Pictures are to be left out; otherwise, copy exactly the lines from the line containing "2011 Toyota Camry" through the end of the data.

==================================================

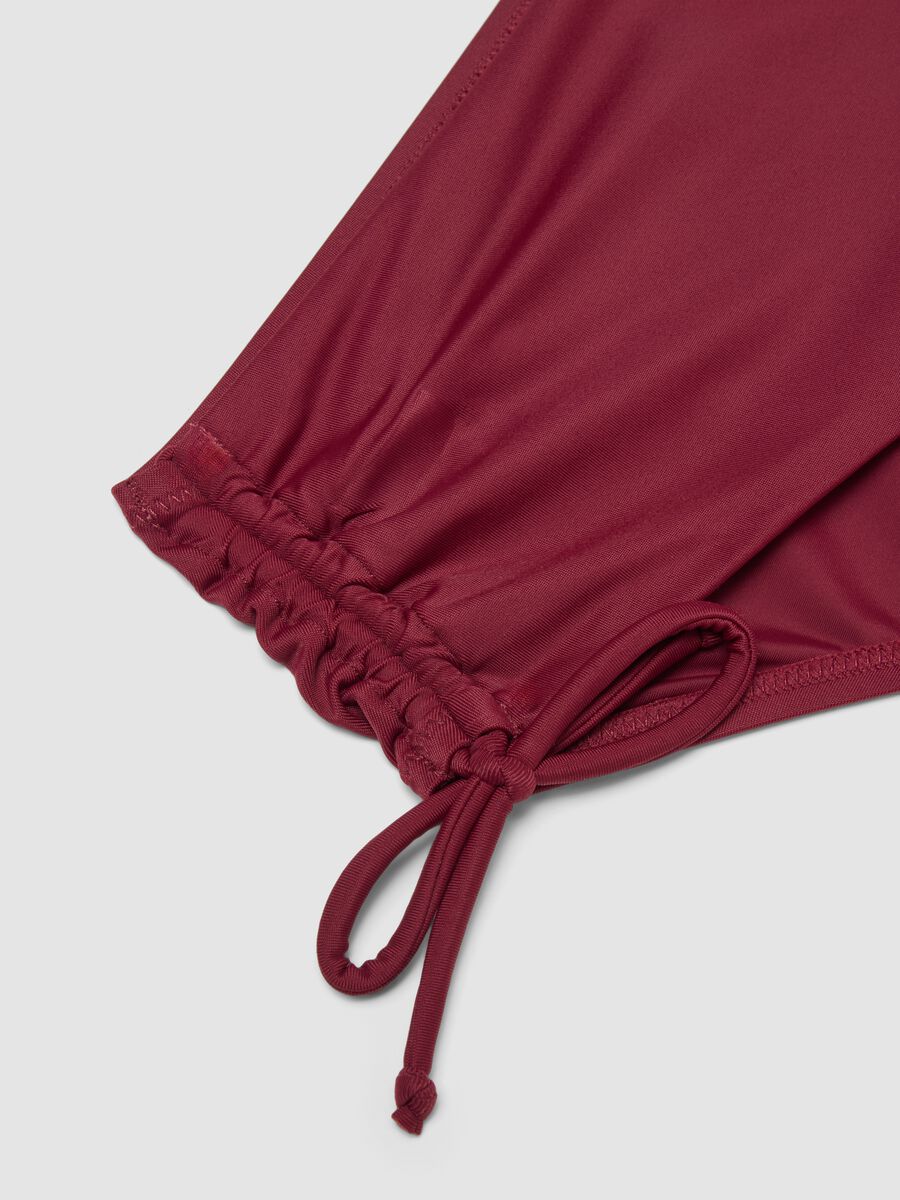 Slip da mare elasticizzato rosso con dettagli arricciati_5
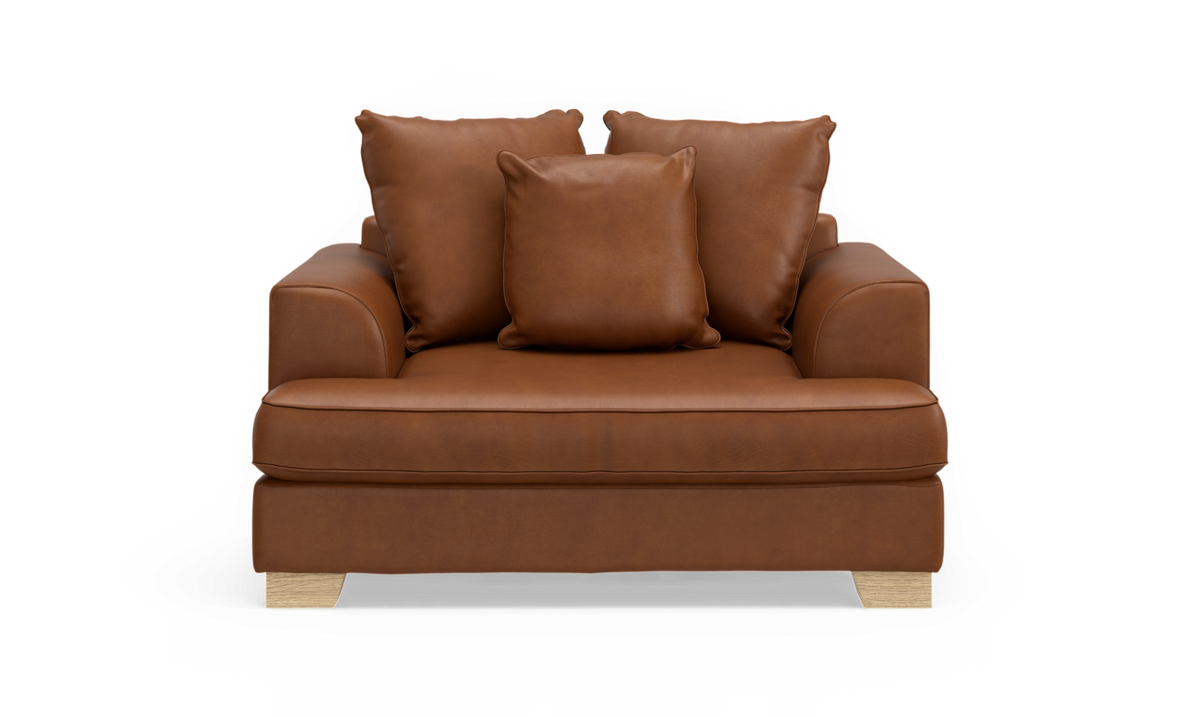 Brun læderlænestol/lille sofa med tre matchende puder set forfra.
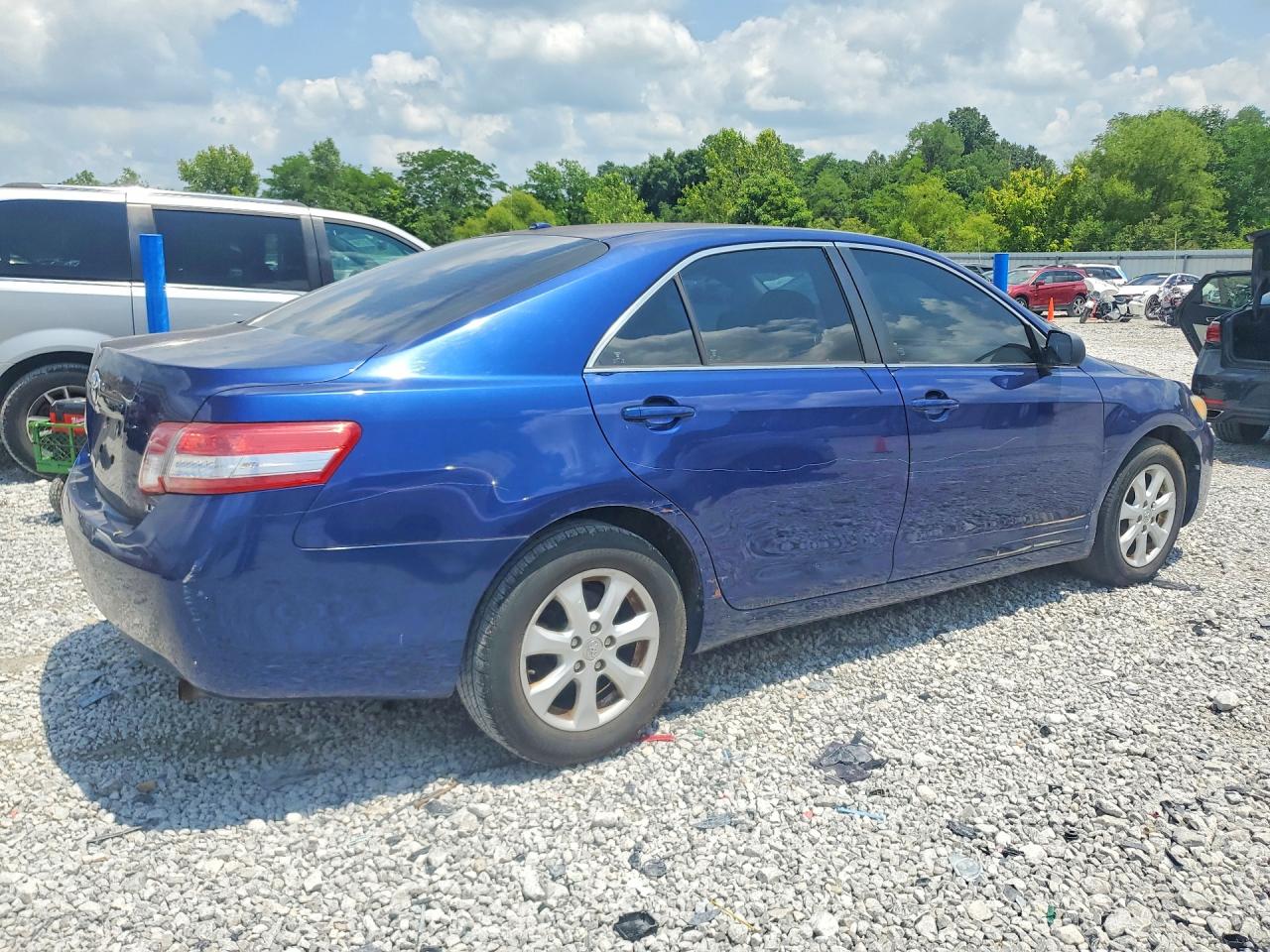 2011 Toyota Camry Le Blue vin: 4T1BF3EK8BU750269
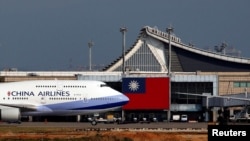 台湾中华航空公司一架波音747客机正在台北桃园机场起飞。（2018年8月6日）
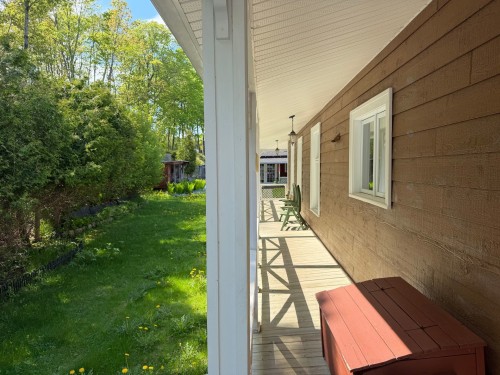 Terrasse - 40 Rue Warren, La Malbaie, QC 
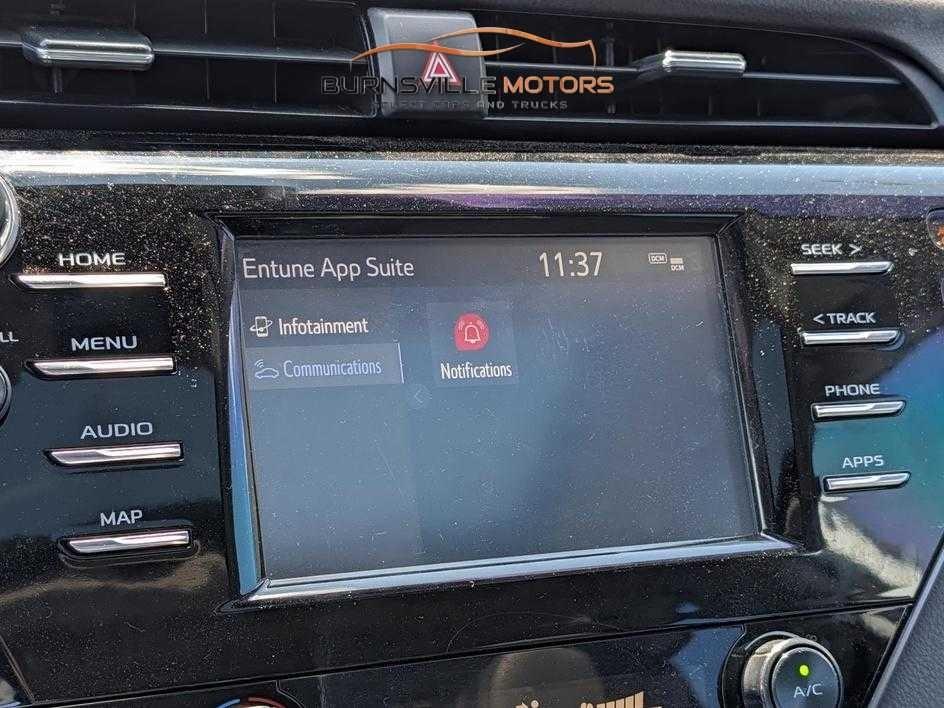 Toyota Camry XLE Auto (Natl) 2019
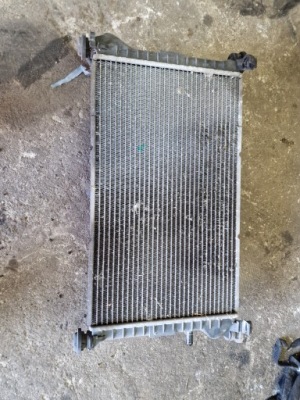 Радіатор води + вентилятори focus mk1 1.8 16v фото №1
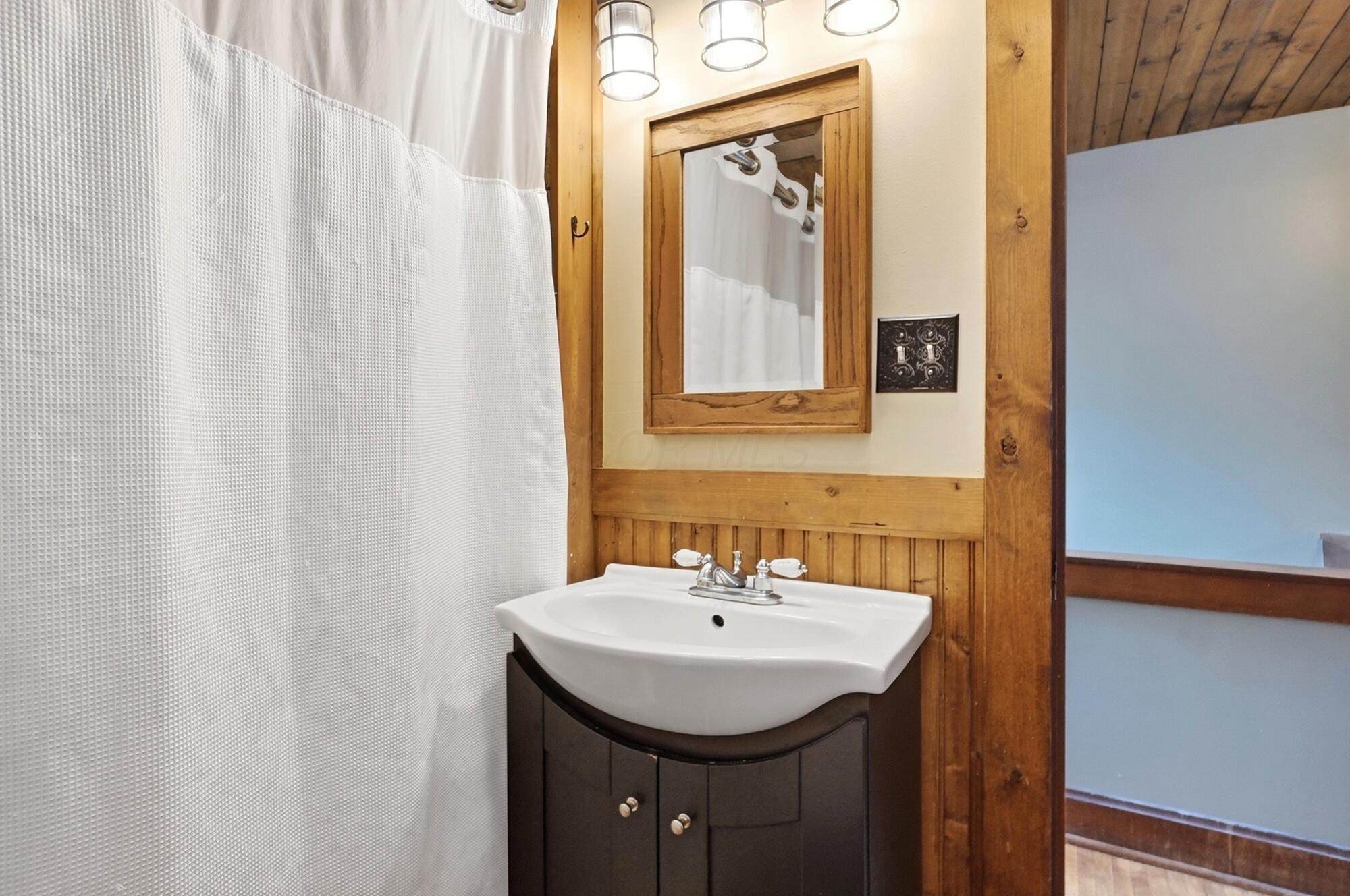 1024 Springlawn Avenue Property Photo 33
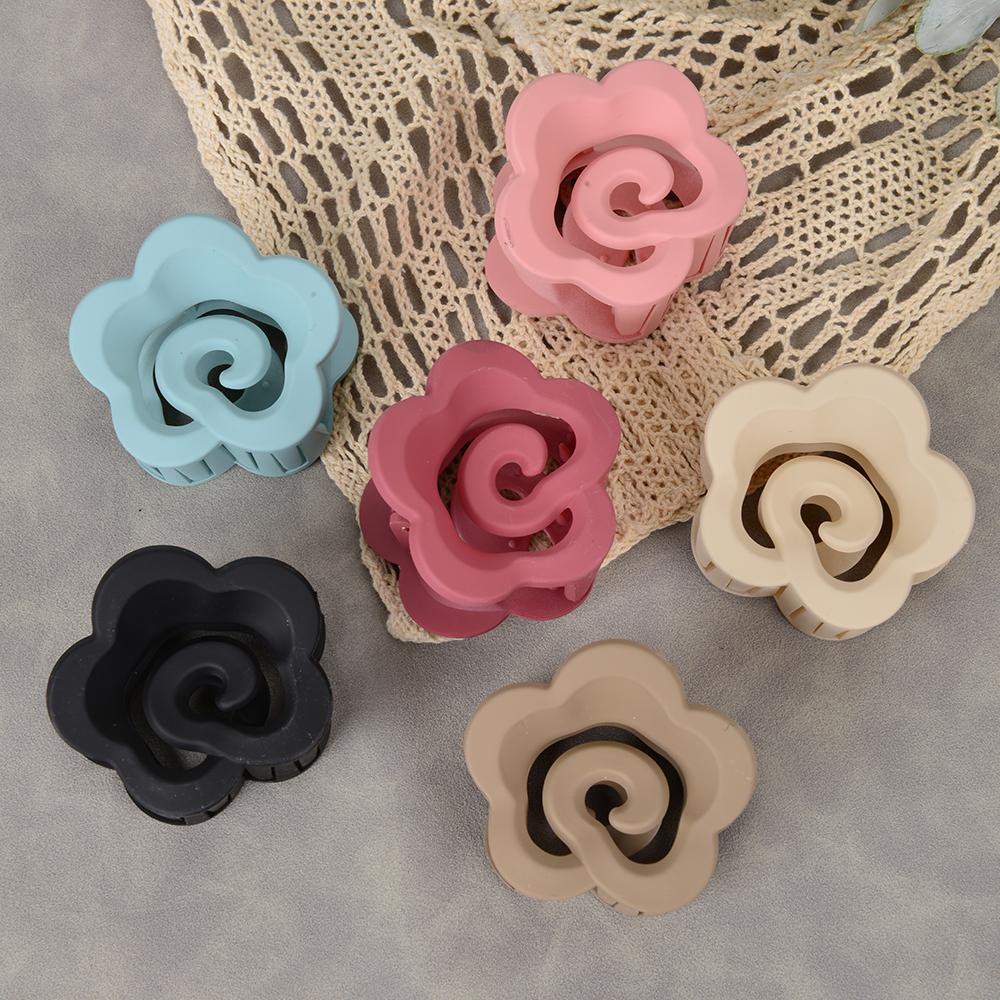 

1pc Claw Clip for Women s Back of Head Upside Down Bun Hair Clip Simple and Sweet Cloud Fog Surface Hairpin Head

==================================================

Task output:
 2011 Toyota Camry Le Blue vin: 4T1BF3EK8BU750269
 台湾中华航空公司一架波音747客机正在台北桃园机场起飞。（2018年8月6日）
 Terrasse - 40 Rue Warren, La Malbaie, QC 
 Toyota Camry XLE Auto (Natl) 2019
 Радіатор води + вентилятори focus mk1 1.8 16v фото №1
 1024 Springlawn Avenue Property Photo 33

1pc Claw Clip for Women s Back of Head Upside Down Bun Hair Clip Simple and Sweet Cloud Fog Surface Hairpin Head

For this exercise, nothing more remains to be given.